EXERCISE DETAILS: Print out each entry below exactly; do not carry over any image.

THE DATA:
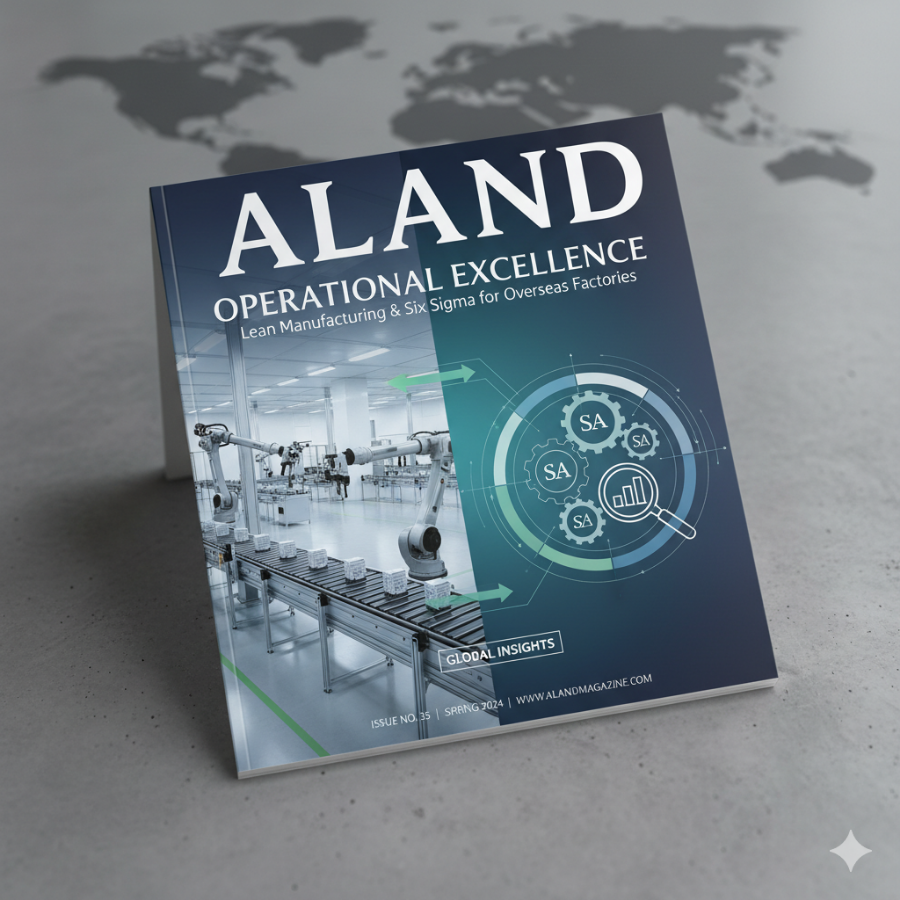 Operational Excellence: Lean Manufacturing and Six Sigma for Overseas Factories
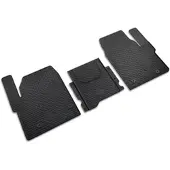 Volkswagen Transporter T7 Allwettermatten vorn 3-teilig 7TG061502D82V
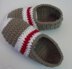 16-Women's Sock Monkey Slippers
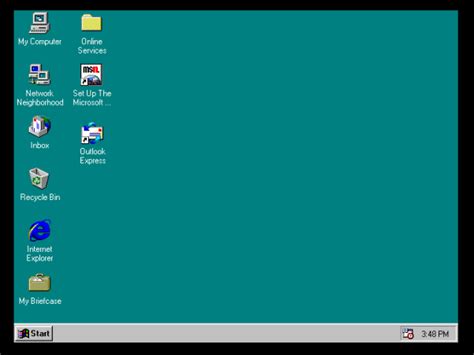 Afbeeldingsresultaten voor Windows 95 My Computer Icon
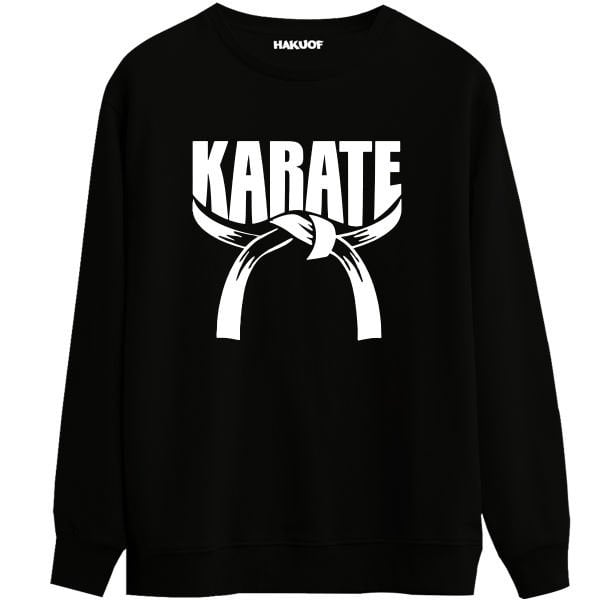 Karate Sweatshirt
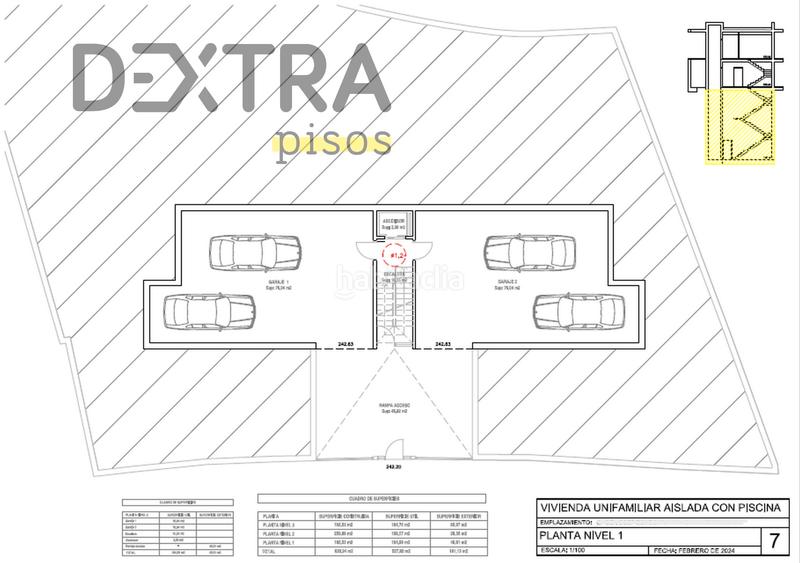 Foto 0e980540-c364-4fda-b811-6feeeefc2660. Terreno residencial en La Miranda Esplugues de Llobregat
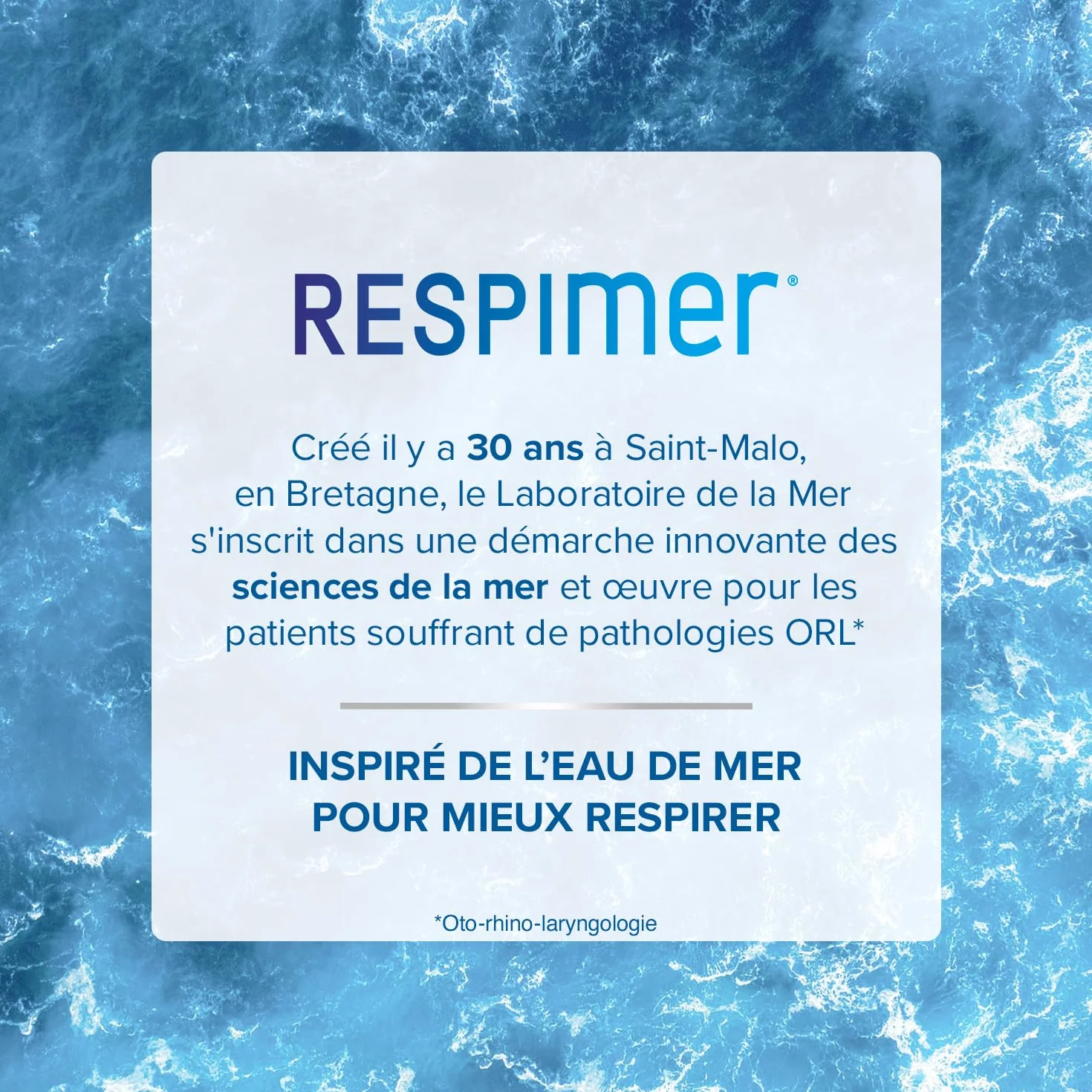 RESPIMER Mouche Bébé - Evacuer l'excès de mucus - Rhume & Rhynopharyngite - Nourrissons et jeunes enfants - Sans Bisphénol A - 5 Filtres jetables hygiéniques - Fabriqué en France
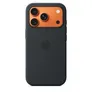Apple Silicone Case mit MagSafe für iPhone 17 Pro Schwarz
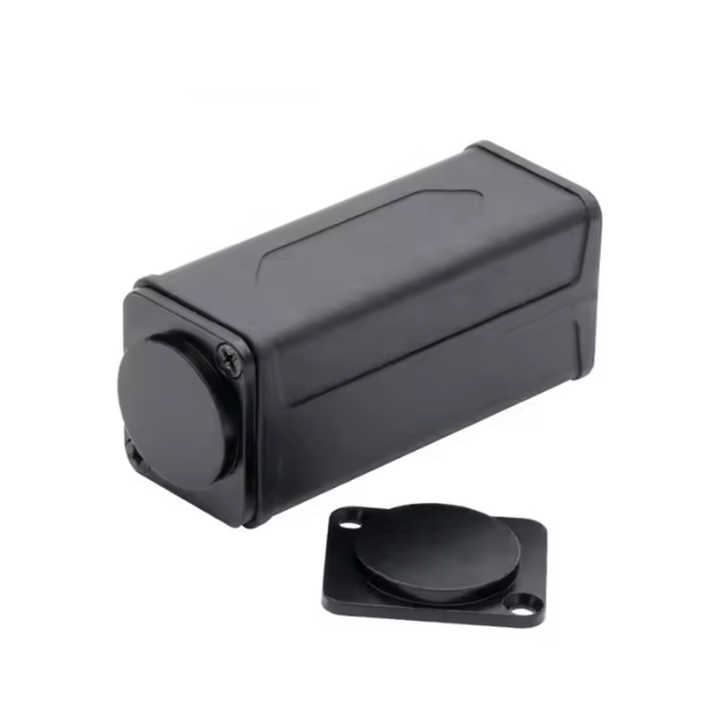 AC Power Device Coupler Case - Plastic Housing Shell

WRITTEN ANSWER:
 Operational Excellence: Lean Manufacturing and Six Sigma for Overseas Factories
 Volkswagen Transporter T7 Allwettermatten vorn 3-teilig 7TG061502D82V
 16-Women's Sock Monkey Slippers
 Afbeeldingsresultaten voor Windows 95 My Computer Icon
 Karate Sweatshirt
 Foto 0e980540-c364-4fda-b811-6feeeefc2660. Terreno residencial en La Miranda Esplugues de Llobregat
 RESPIMER Mouche Bébé - Evacuer l'excès de mucus - Rhume & Rhynopharyngite - Nourrissons et jeunes enfants - Sans Bisphénol A - 5 Filtres jetables hygiéniques - Fabriqué en France
Apple Silicone Case mit MagSafe für iPhone 17 Pro Schwarz
 AC Power Device Coupler Case - Plastic Housing Shell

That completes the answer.